» What to produce:
Beginning with the line containing "МЗП Baseus Cube" and ending at the last line of the records, transcribe each line exactly. Do not include pictures.
= Beginning of Section =
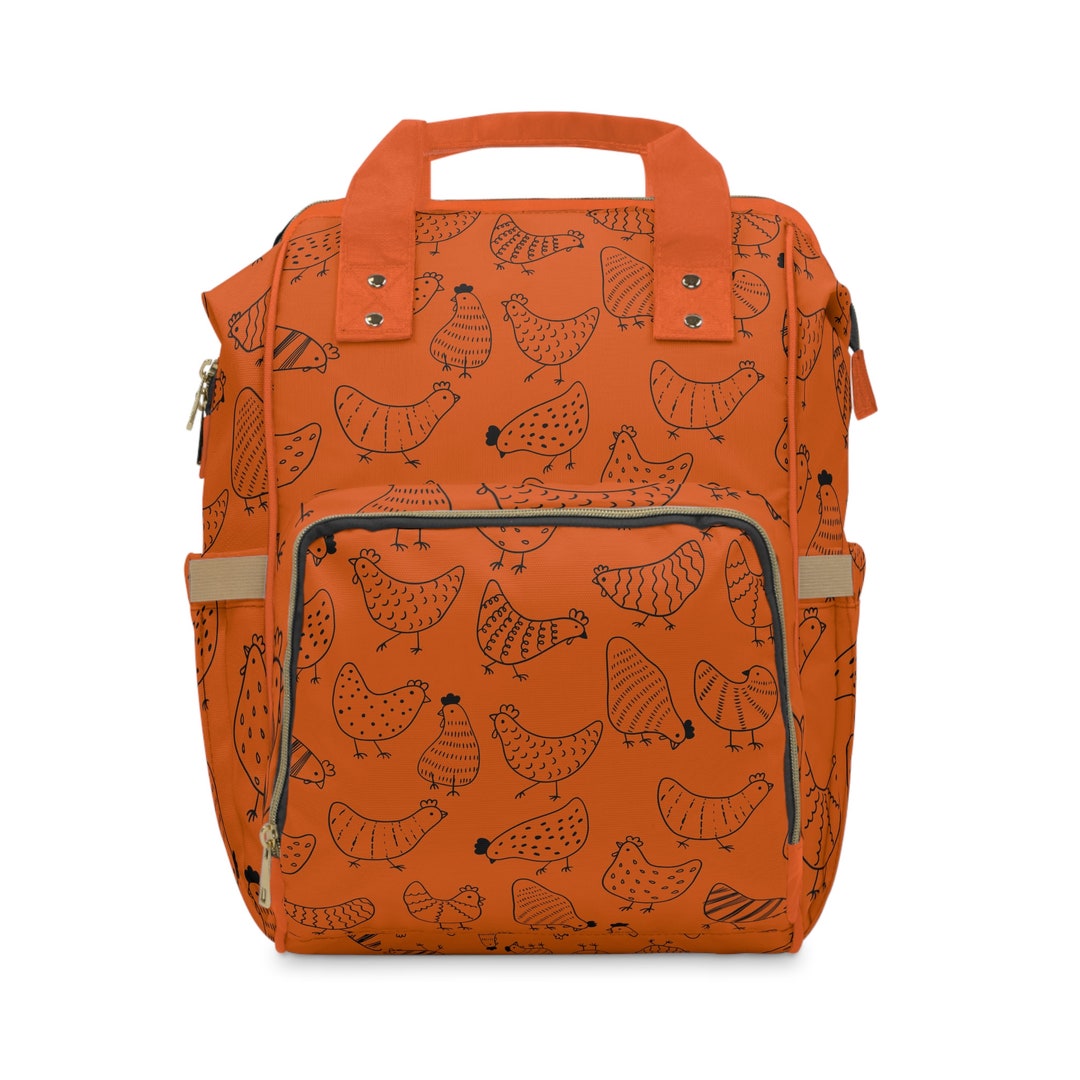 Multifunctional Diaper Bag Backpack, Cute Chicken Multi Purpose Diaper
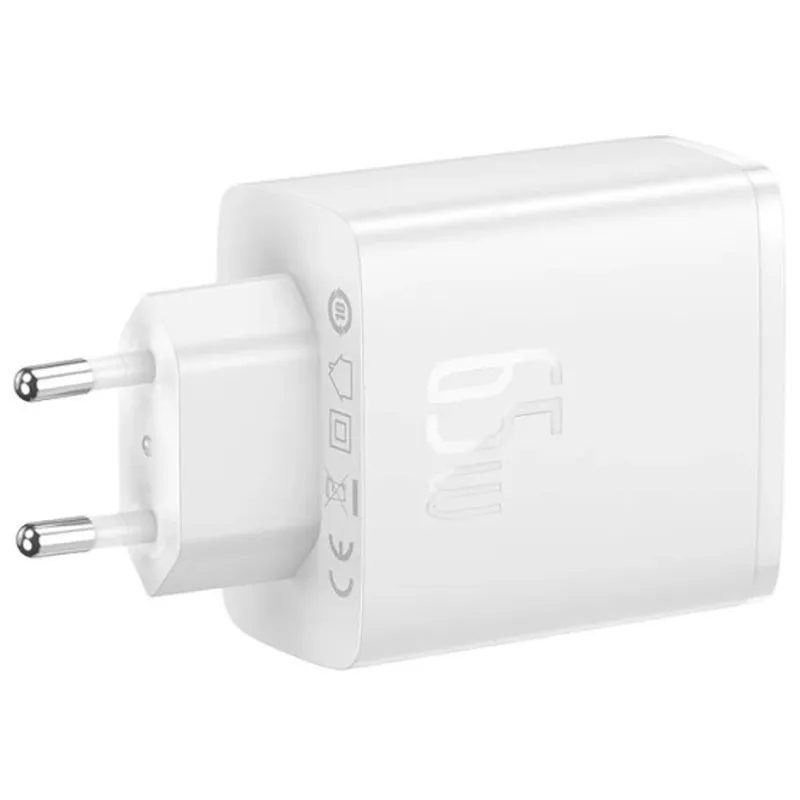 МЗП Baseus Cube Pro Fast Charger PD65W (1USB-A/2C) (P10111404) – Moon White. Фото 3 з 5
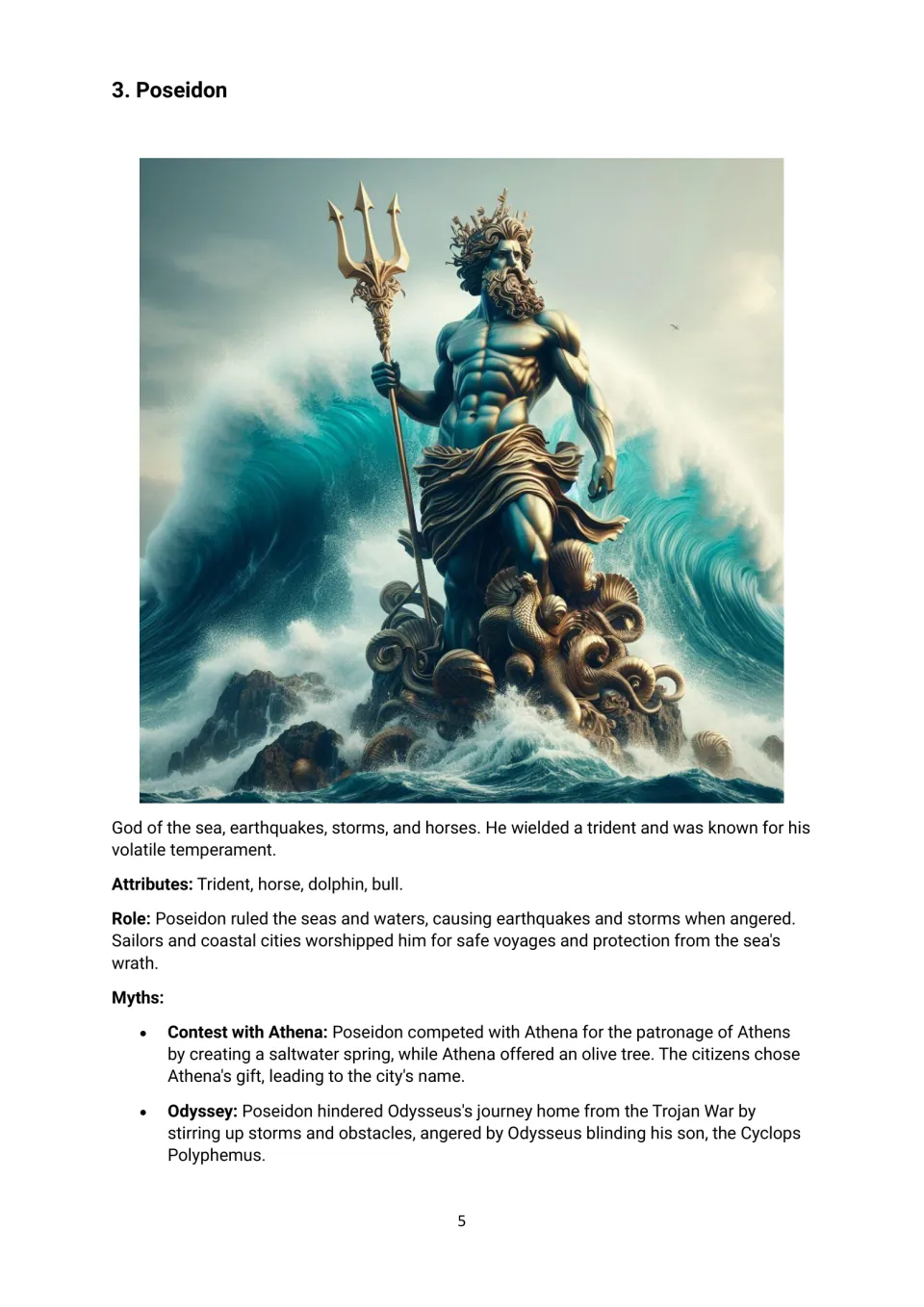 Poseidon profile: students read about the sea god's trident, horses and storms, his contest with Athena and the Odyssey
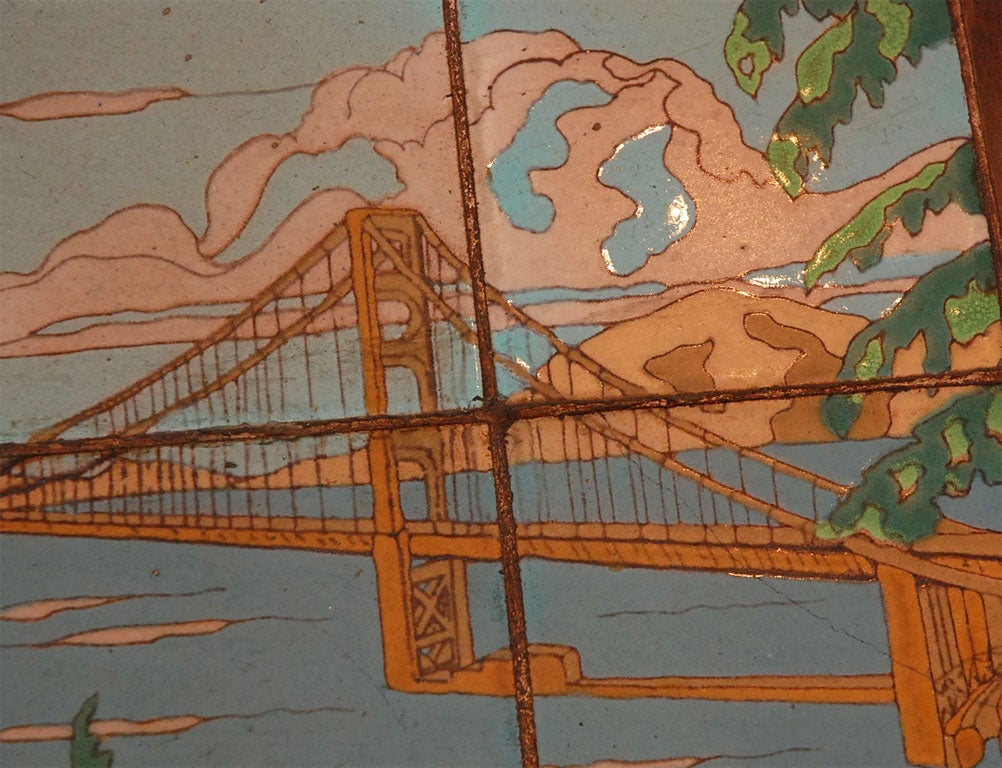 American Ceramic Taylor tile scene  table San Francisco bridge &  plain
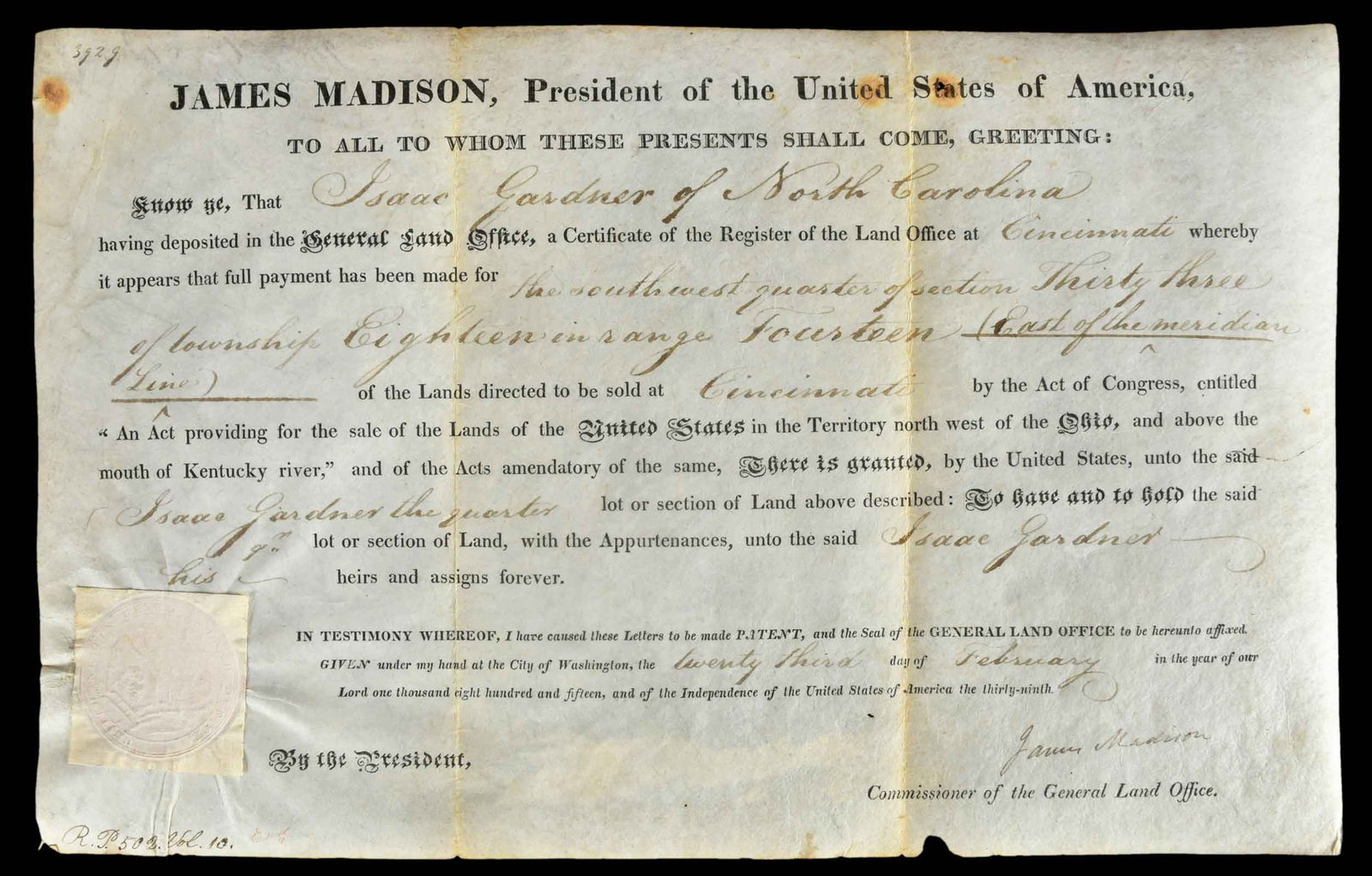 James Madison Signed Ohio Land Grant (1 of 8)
= End of Section =
» Output for this task:
 МЗП Baseus Cube Pro Fast Charger PD65W (1USB-A/2C) (P10111404) – Moon White. Фото 3 з 5
 Poseidon profile: students read about the sea god's trident, horses and storms, his contest with Athena and the Odyssey
 American Ceramic Taylor tile scene  table San Francisco bridge &  plain
 James Madison Signed Ohio Land Grant (1 of 8)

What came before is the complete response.